If clients don't like his approach, then he's got 14 other brokers they can choose. As branch manager since 1991, Owen has hired a diverse group of reps to create a rich blend of personalities and talents. "I don't look for people who are like me," he says. Other reps specialize in more aggressive investments including "new economy" stocks and options.
Building his brokers up is Owen's daily priority. "When I took the manager job, developing brokers' confidence was No. 1 on my list. I wanted to figure out how to make the branch monetarily successful but also socially successful. If people don't feel good, then they are not successful."
From the glowing nominations submitted by five of his charges, it seems he's succeeded. "Tim has created an environment that's very open," says Brian Brown, a rep in the office for five years. "He willingly gives his time and energy to support us brokers. He has a 'You' attitude."
Owen requires his brokers have a similar selfless manner. He insists that reps participate in community or charitable organizations. Owen actively supports his three children's activities. For example, as a board member of Gallatin Valley Pony Club, he donates use of his stable and land for local children to keep their horses and get riding instruction.
Being active in the community was how he started building his own book. Owen adopted Big Timber, a town of 4,000 ranchers and farmers near Bozeman. "I was like the rural doctor," he says. "I went to their houses to make it convenient for them and became involved by doing seminars."
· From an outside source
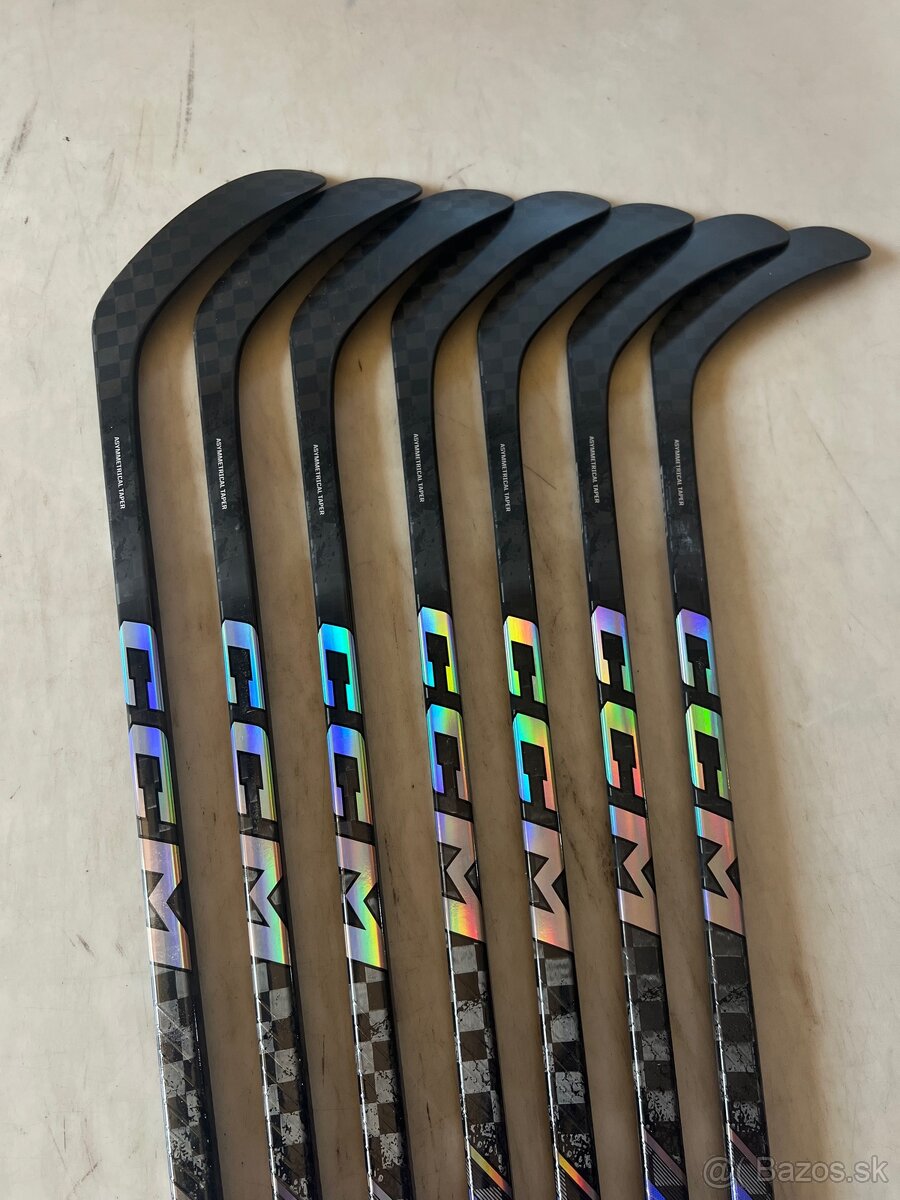 Predám hokejky CCM Trigger 9K INT - 2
In his business now, Owen is using a different strategy, moving from 2 percent to 50 percent fees in the past two years. His 1999 production was 537,000 dollars on assets of 125 million dollars. Why the switch? He wants to work for fewer clients and pay more attention to those he retains.
His next challenge: Convert the rest of his business to fees and create a team-three reps, three assistants. "Assistants are essential in my business pla n. I believe they are the key to adding significant value to the clients."
The egalitarian attitude is the only one he accepts when it comes to the nine assistants in the office. "I think the reason why my brokers and assistant nominated me is that, as a manager, I'm clear on who my clients are," he says. "My loyalty has never been questioned."
Nobody disputes his dog-friendly policy, either. Owen brings his dogs to work and encourages reps to do the same. "They are great tension relievers for the natural stress this business creates, and besides, who can hate a broker who loves dogs?" Ah, Montana.